By Thadra Palmer and Melanie Damour
My summer of ’98 field campaigns began in the Virgin Islands. The National Park Service was conducting archaeological excavations on seven sites located on a small island called Water Island, under the supervision of Dr. David G. Anderson. Water Island is located right off of St. Thomas, and is only two miles long by one mile wide. Water Island is owned by the US Army and is slowly being turned over to the local government. Before the island could be completely handed over an archaeological survey was required to determine if there were sites in need of protection. One of the largest sites was Carolina Point plantation which had formerly been owned by a freed black slave who had bought the plantation and owned several slaves himself. The site includes the main house, a kitchen, an overseer’s house, several slave cabins, and other additional buildings. This main house included one room that had burned along with a large amount of china. This room alone yielded more artifacts than all of the rooms combined. It was hot and sticky work cutting down the jungle just to dig. But hey, this was the Virgin Islands, so after a long day of work you could walk down to the beach and go snorkeling in the crystal blue water. After six weeks in the Virgin Islands I headed to Italy.
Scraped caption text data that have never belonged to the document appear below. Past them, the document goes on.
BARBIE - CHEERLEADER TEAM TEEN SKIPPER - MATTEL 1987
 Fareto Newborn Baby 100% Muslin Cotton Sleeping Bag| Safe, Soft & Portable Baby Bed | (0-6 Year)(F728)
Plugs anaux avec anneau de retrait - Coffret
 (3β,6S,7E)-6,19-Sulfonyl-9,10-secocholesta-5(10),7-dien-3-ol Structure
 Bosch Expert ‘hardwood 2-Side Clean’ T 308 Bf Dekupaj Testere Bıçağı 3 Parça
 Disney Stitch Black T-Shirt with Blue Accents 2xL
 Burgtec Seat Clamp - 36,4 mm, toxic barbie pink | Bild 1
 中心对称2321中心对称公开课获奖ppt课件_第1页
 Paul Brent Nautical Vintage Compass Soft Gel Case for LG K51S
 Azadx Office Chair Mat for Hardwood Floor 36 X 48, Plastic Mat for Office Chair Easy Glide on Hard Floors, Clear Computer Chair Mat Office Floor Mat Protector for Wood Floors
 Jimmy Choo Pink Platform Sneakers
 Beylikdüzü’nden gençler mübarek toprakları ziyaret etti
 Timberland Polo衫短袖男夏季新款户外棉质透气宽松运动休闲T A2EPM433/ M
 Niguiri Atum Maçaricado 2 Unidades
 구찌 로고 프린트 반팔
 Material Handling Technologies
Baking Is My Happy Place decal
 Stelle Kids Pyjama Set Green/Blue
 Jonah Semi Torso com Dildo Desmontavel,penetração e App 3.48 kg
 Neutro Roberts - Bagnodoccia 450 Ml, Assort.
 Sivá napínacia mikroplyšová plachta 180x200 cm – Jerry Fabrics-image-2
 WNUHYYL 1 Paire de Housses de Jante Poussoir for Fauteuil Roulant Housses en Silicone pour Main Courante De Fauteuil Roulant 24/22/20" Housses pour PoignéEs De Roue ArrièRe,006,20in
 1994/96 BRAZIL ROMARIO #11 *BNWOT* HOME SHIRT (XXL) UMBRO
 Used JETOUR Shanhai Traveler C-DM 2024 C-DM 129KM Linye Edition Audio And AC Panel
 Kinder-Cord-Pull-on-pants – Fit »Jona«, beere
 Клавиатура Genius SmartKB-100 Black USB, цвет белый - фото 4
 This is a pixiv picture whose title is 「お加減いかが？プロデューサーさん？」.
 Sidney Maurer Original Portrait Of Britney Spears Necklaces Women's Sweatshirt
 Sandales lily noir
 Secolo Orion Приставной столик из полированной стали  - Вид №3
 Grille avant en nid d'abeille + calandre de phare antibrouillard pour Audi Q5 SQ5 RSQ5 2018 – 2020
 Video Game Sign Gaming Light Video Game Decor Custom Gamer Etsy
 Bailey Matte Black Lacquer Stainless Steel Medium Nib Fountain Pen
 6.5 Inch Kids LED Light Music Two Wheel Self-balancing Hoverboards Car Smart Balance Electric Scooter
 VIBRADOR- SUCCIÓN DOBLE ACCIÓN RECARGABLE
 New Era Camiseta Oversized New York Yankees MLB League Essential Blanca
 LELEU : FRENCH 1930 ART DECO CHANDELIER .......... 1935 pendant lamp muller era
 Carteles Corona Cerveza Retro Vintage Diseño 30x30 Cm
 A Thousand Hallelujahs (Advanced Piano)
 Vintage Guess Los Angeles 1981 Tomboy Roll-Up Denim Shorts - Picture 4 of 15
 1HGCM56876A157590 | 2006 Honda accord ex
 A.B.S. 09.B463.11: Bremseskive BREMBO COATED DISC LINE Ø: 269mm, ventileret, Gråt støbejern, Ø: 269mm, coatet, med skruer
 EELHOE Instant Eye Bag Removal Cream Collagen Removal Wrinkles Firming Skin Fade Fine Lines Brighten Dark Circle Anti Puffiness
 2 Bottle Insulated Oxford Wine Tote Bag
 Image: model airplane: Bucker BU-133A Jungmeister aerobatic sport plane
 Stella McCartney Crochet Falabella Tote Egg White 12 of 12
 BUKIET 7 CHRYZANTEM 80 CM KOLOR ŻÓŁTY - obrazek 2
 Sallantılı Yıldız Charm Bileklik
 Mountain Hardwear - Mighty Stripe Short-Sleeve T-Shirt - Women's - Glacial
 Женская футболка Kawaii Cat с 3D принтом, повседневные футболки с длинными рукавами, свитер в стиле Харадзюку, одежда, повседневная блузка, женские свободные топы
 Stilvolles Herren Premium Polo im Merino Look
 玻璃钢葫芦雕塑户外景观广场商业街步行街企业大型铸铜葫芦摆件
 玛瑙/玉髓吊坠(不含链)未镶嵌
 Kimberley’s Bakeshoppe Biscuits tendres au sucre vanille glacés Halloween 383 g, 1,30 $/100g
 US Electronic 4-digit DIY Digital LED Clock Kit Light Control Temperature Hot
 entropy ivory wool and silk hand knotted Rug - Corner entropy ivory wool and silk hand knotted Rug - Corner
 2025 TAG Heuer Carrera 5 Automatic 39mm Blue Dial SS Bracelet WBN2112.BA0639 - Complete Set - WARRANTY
For the past twenty years Florida State University has been conducting excavations in Gaiole de Chianti, Italy. The site is called Cetamura (walled city), and has Etruscan, Roman, and Medieval occupations all stacked on top of each other. This year’s work concentrated on two areas, the first being an old well. The well started at 6 meters at the beginning of the season, and by the end of the season reached a depth of 13 meters, and still kept going. Building rubble, tiles, and ceramics were all recovered from the well. The second area was the fortification, which is known to date to Roman times with Medieval material on top. It was hoped that the Romans had expanded the wall from the Etruscan occupation and that by the end of the season we would have moved enough material to reach the possible Etruscan level, but that did not transpire. The unit for the fortification was six meters square, and most of the Medieval material had been removed. Several coins were found, and a bronze mirror handle was also recovered. The area of Chianti reminds me of Napa Valley, CA, with grapevine and olive trees covering the hill sides. Of course Chianti wine was the main crop since this is where Chianti wine originated. We ate dinner at an Italian restaurant, and I quickly found out that Italians really do eat pasta every night. After six weeks in northern Italy, I spent two weeks traveling to Rome, Munich, Paris and London. It was a busy summer for me, and I was actually happy to get back to Tallahassee, if only so I could stop living out of a backpack.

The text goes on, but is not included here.